Food & Drink Nov 13, 2012

Rolling Stone’s Iceland Airwaves 2012 Review

With about 230 performances spread out over five nights in twelve Reykjavik venues, this year’s Iceland Airwaves festival was the largest and longest it has been in its 13-year history. Such performances included Icelanders Sigur Ros and Of Monsters and Men, British punks the Vaccines and the American indie-rock band Dirty Projectors. 

Thursday night’s performance (November 1st) featured Of Monsters and Men, Steindór Andersen, Hilmar Örn Hilmarsson, and Nova Heart. Icelanders Of Monsters and Men played their famed “Lake House” to an excited crowd and also covered the Yeah Yeah Yeahs’ “Skeletons.” Earlier that day in the Harpa lobby, Steindór Andersen performed rimur, a traditional Icelandic narrative poetry, accompanied by Hilmar Örn Hilmarsson’s electronic sounds and Páll Gudmundsson’s stone harp. The performance, which was a promo gig for Stafnbúi (12 Tonar), a new volume of rimur by Andersen and Hilmarsson, had what Rolling Stone described as a “medieval” effect. The final stand-out performance was from Nova Heart, a band from Beijing. The Seventies New Wave group performed songs that featured heavy blues and dance floor rhythms.  

On Friday, local musicians performed at a Reykjavik book store to celebrate the release of the coffee-table book Stud vors lands, which roughly translates to “Pop Music in Iceland” and is dedicated to Iceland’s rock music history. Later in the night, Nelson Can, a trio of Danish women, performed their punk-funk minimalism songs from their EP Nelson Can.
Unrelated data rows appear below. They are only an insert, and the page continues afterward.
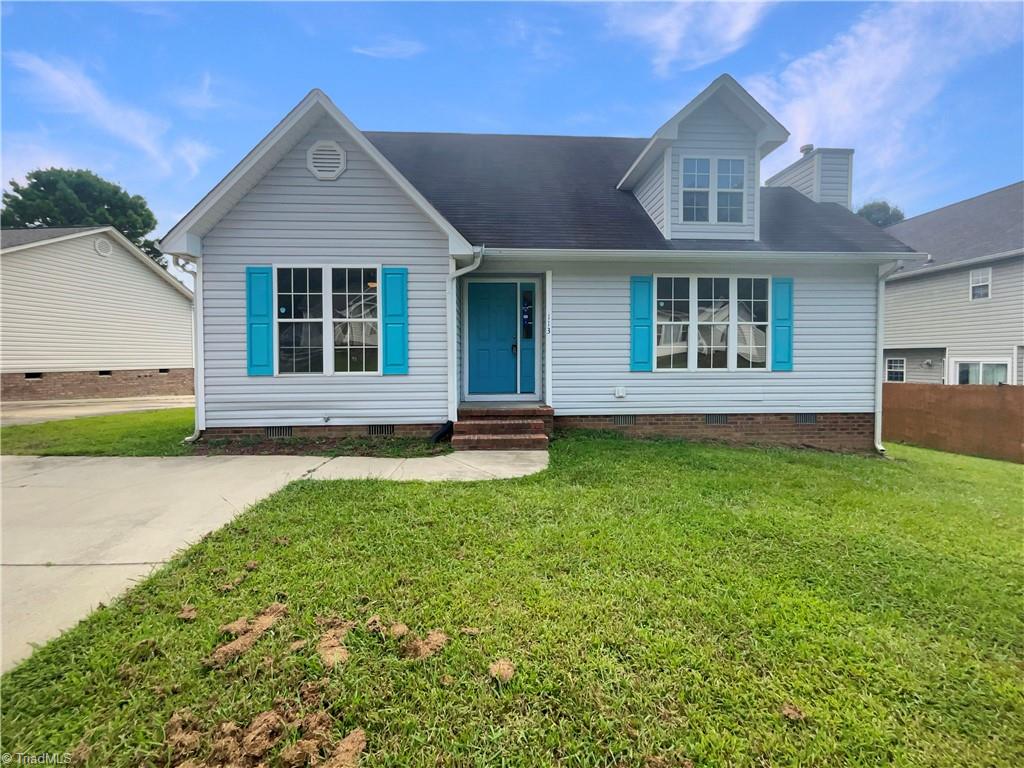 Hoskins Cir, Burlington, NC 27215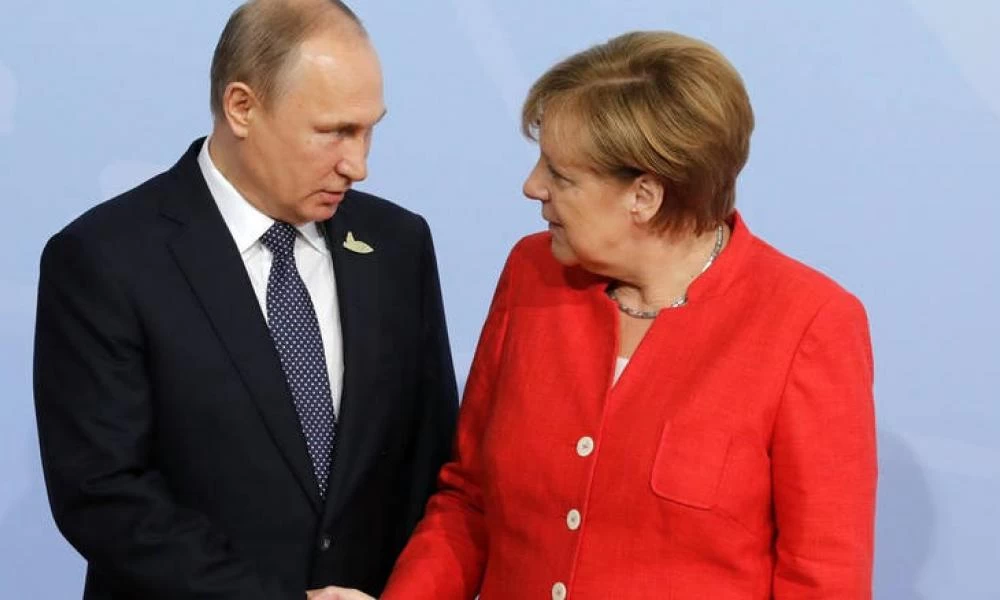 Πούτιν-Μέρκελ εξέτασαν την «από κοινού παραγωγή» εμβολίων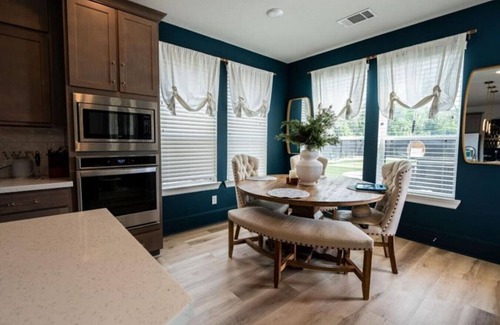 Atascocita Maison | Luxury Getaway w/ Pool, Sauna, Gym & Lagoon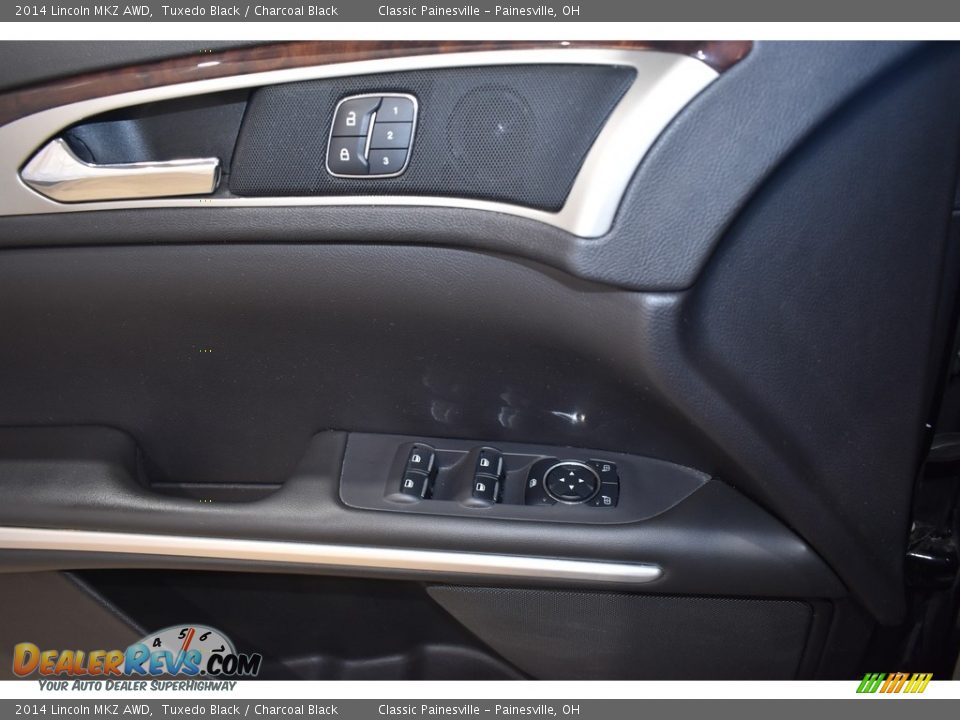 Door Panel of 2014 Lincoln MKZ AWD Photo #11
Other performances that night included Icelanders The Vintage Caravan and Thee Attacks, a quartet from Denmark.

Saturday night’s performances saw Sigur Ros, Olöf Arnalds and Dirty Projectors. Dirty Projectors’ performance proved their place as a modern rock band, and even featured famed Icelander Björk. To close out the festival, the biggest rock band in Icelandic history, Sigur Ros, performed to the highest-box office tally for a single local concert by an Icelandic band.  

This year Iceland Airwaves was the largest and greatest yet. The five-day festival saw memorable performances from hundreds of bands and certainly created music history.